ソリューション提案を支える主な技術や製品・システム,サービスを分野別に図1に示す。
図1|水環境ソリューションを支える主な技術・製品・システム・サービス水環境の課題を解決する方法は一様ではないため,水源保全・治水・利水,水道・工業用水,下水道・産業排水,水再生・造水などの課題に対し,さまざまな技術やシステム,サービスを連携させることで解決に貢献していく。
日本の水道事業では,人口減少に伴う人財不足,水の需要の減少および料金収入の減少,水道施設の老朽化に伴う水道施設の更新需要の増大,気候変動の影響を考慮したプラント運転の見直し,カーボンニュートラルへの対応の要請などの課題に直面している。

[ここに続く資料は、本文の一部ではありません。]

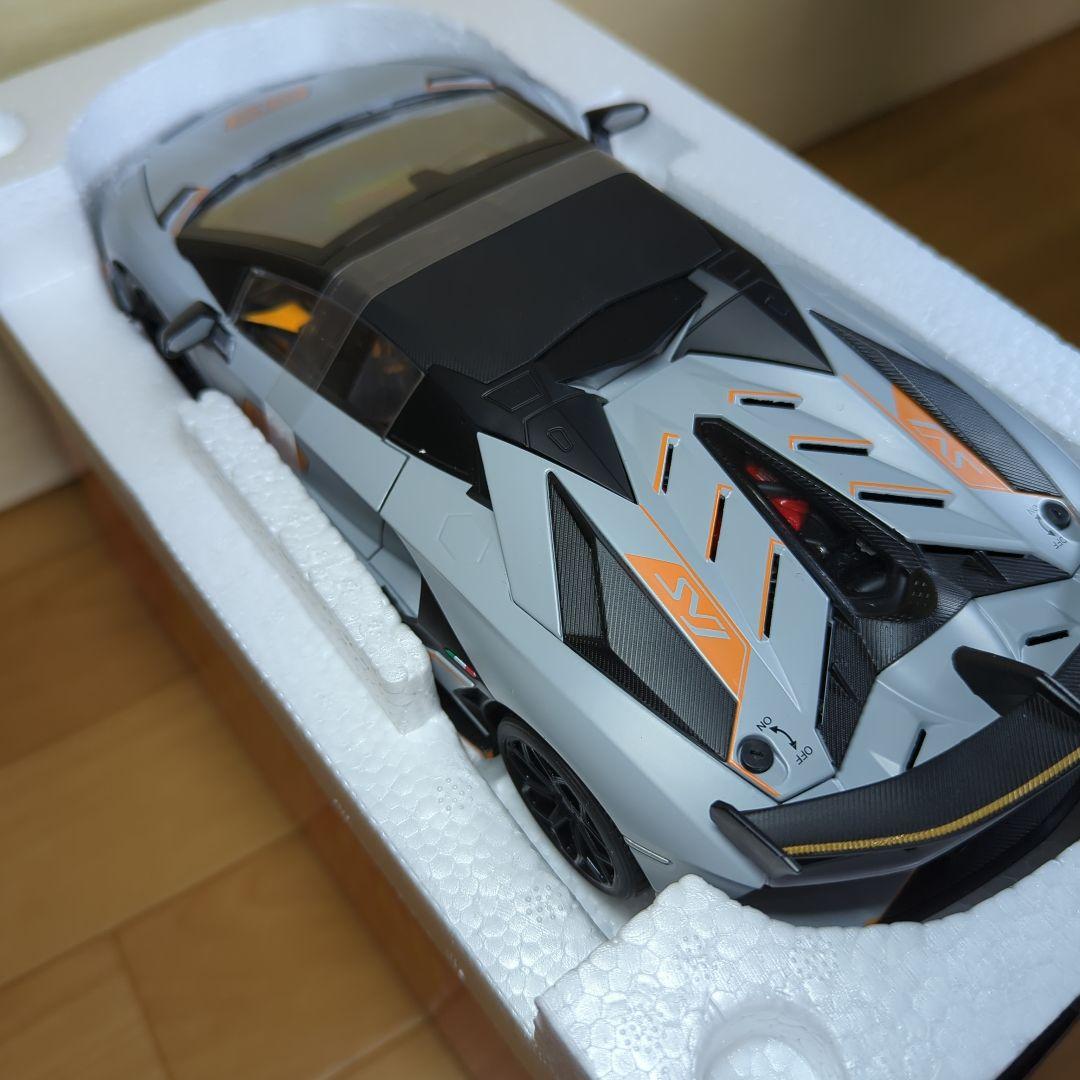 アヴェンタドールSVJ Roadster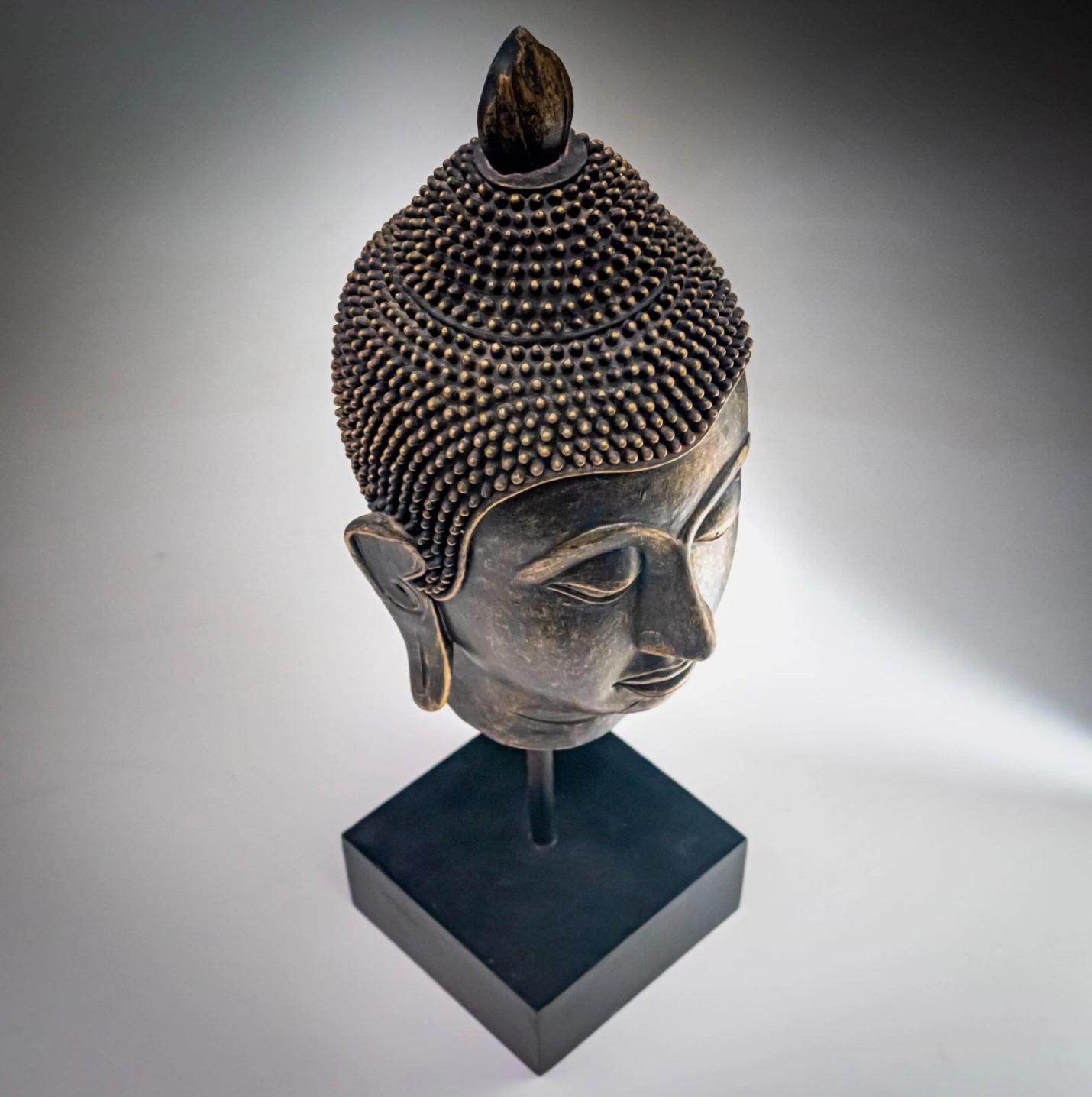Art Déco Supporto decorativo per testa di Buddha Antico TESTA DI BUDDHA IN RESINA SU SUPPORTO 1960 in vendita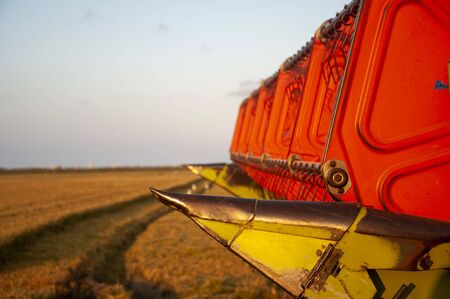Frontal part of rice harvesting machine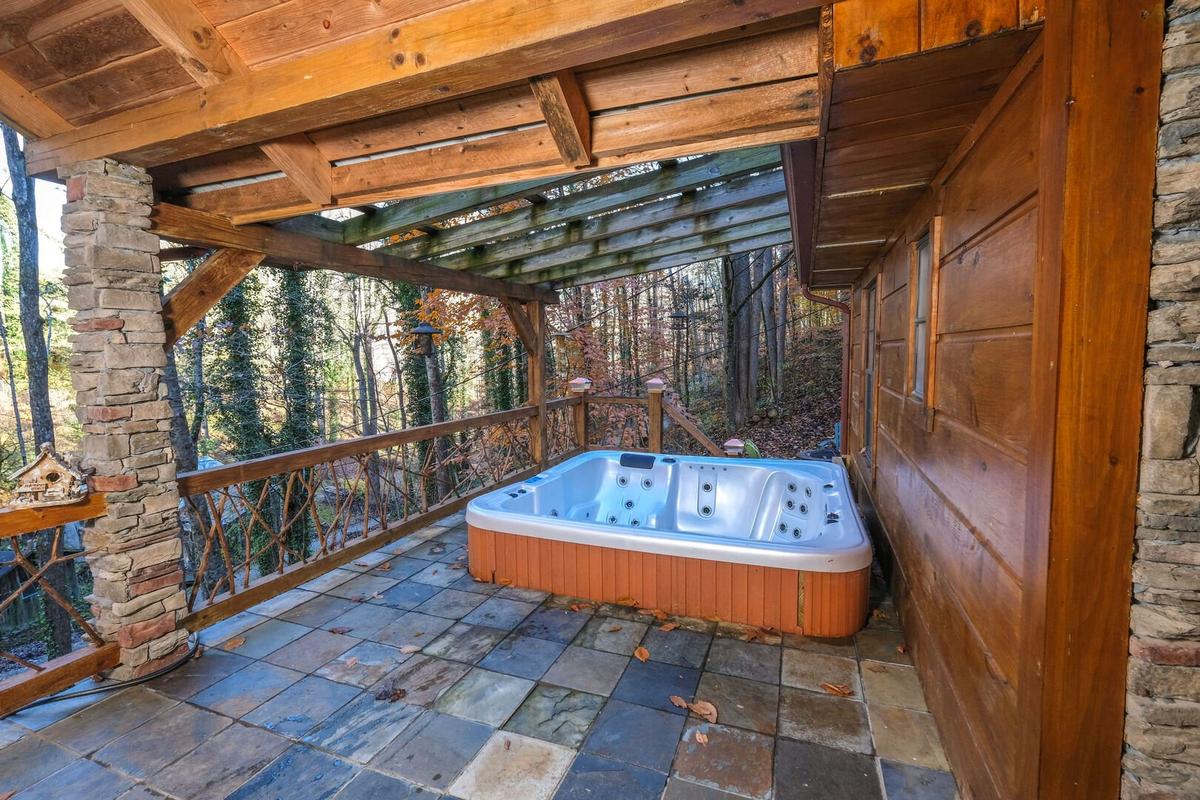 The Skinner's Cabin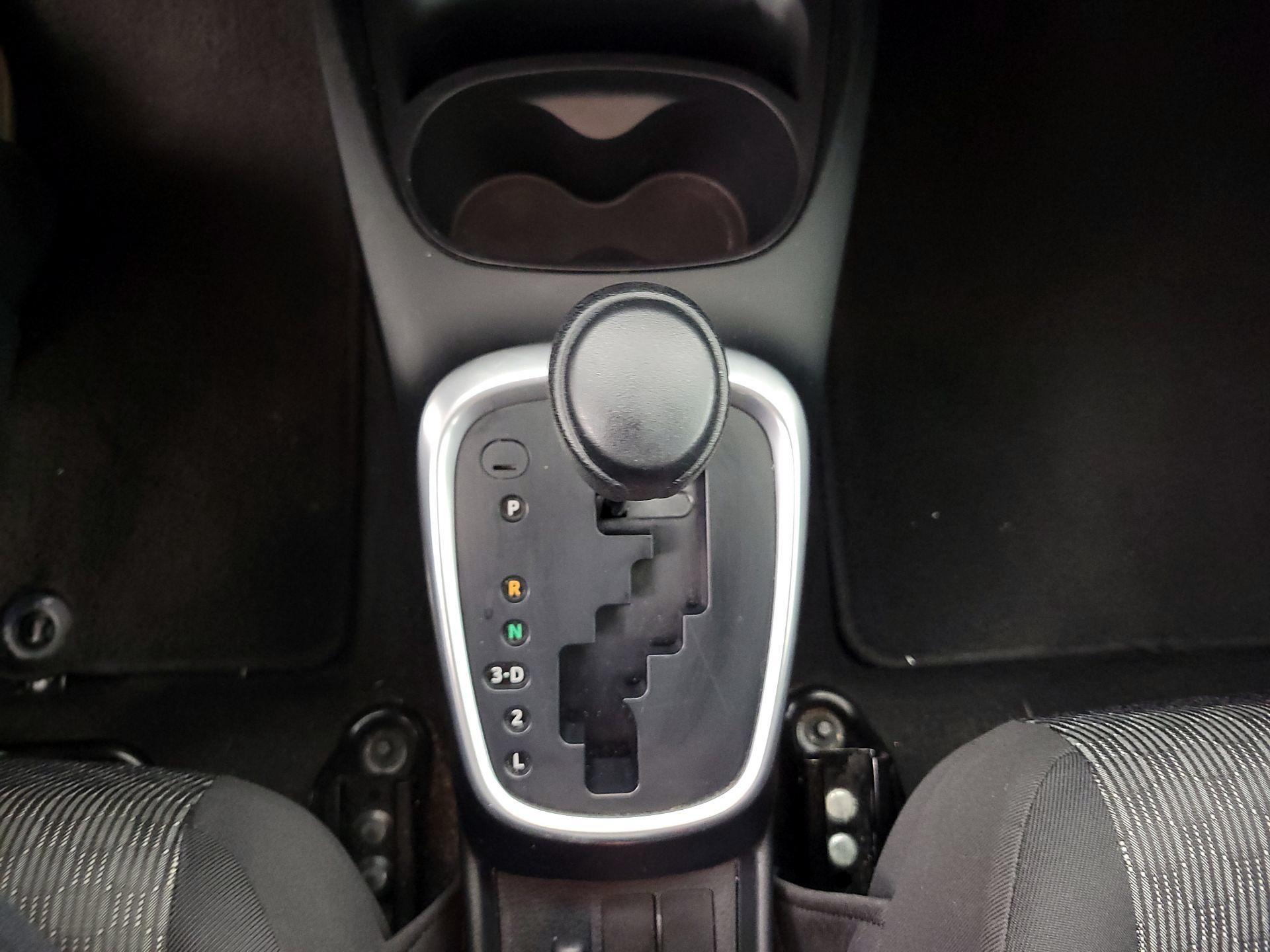 Thumbnail: 2017 Toyota Yaris - 16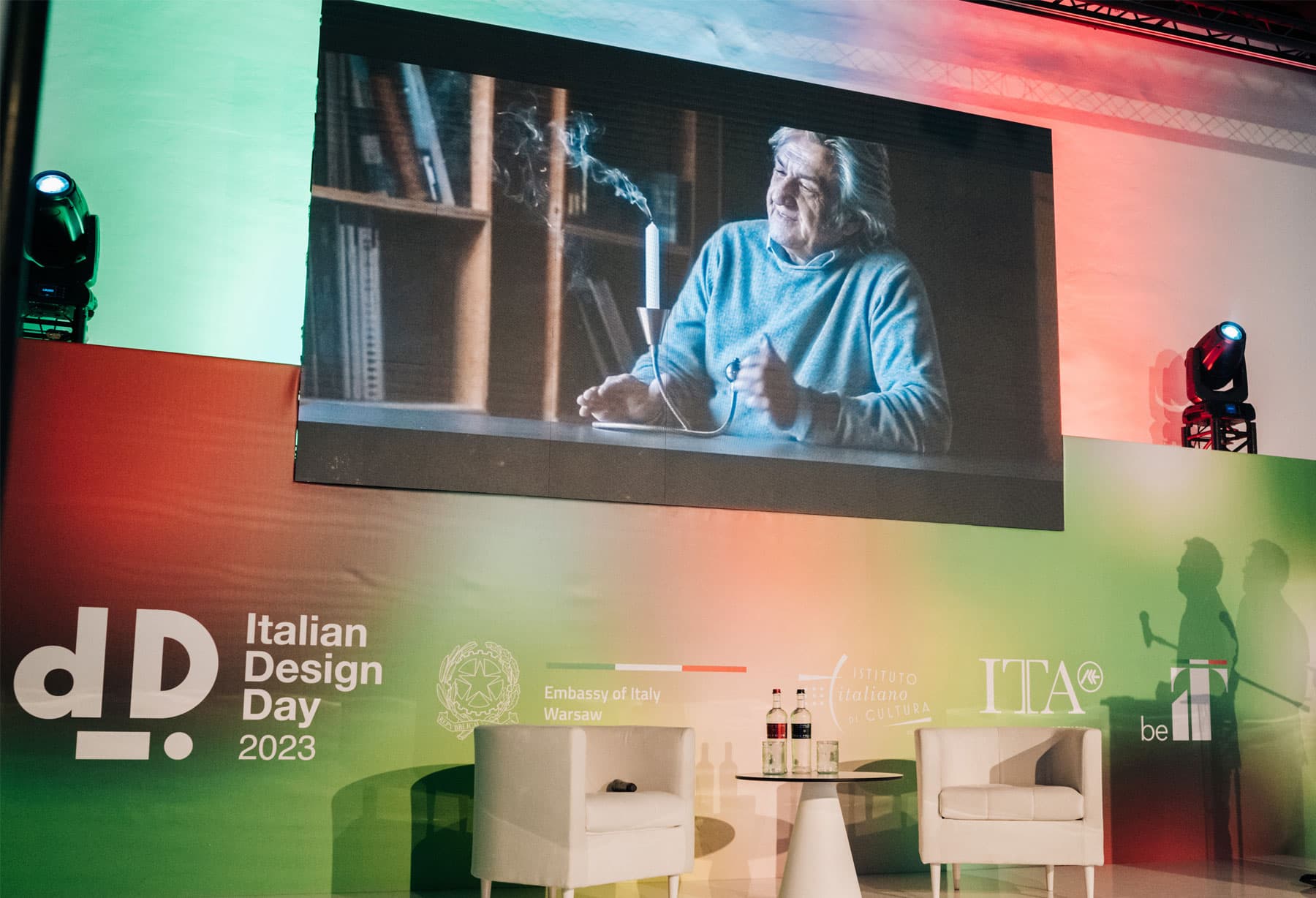 <p>Catellani &amp; Smith wird unter den 35 repräsentativsten italienischen Unternehmen für die Ausgabe 2023 des dem Beleuchtungssektor gewidmeten Italian Design Days ausgewählt. Die Eröffnung findet am 8. März in Rom unter dem Titel „La qualità che illumina, l’energia del design per la persona e l’ambiente” (Qualität, die beleuchtet, die Energie des Designs für Mensch und Umwelt) statt. Es folgen weitere Veranstaltungen, die in Zusammenarbeit mit den italienischen Botschaften auf der ganzen Welt organisiert werden und bei denen eine Auswahl der von Enzo Catellani geschaffenen Leuchten der Öffentlichkeit präsentiert wird.</p>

そこでソリューション提供の手段として,日立製作所では新たに水道DX(デジタルトランスフォーメーション)を開発した(図2参照)。以下に水道向けO&M(Operation and Maintenance)デジタル技術と官民連携によるソリューション,AI(Artificial Intelligence)を活用した水道の運転支援技術,水道管路の維持管理における日立グループの最新の取り組みを紹介する。
図2|水道DXのメニュー事業体が保有する各浄水場からの運転データ(水量,水位,水質など),および点検データを収集してソリューションの共有を行うことで,水道事業の広域化を実現する。
下水道事業においても水道事業と同様,収入の減少,施設・管路の老朽化,熟練運転員の減少が進むが,一方で国土交通省「新下水道ビジョン加速戦略」の2022年度の見直しでは,脱炭素化や水環境管理の推進などを新たに位置づけ,DXやアセットマネジメント,気候変動などを踏まえた防災・減災へと取り組みを拡大させる方向性が示されている。これらの課題に対処するべく,デジタル技術を生かした管路の維持管理,下水処理を革新する最新技術における日立グループの最新の取り組みを紹介する(図3参照)。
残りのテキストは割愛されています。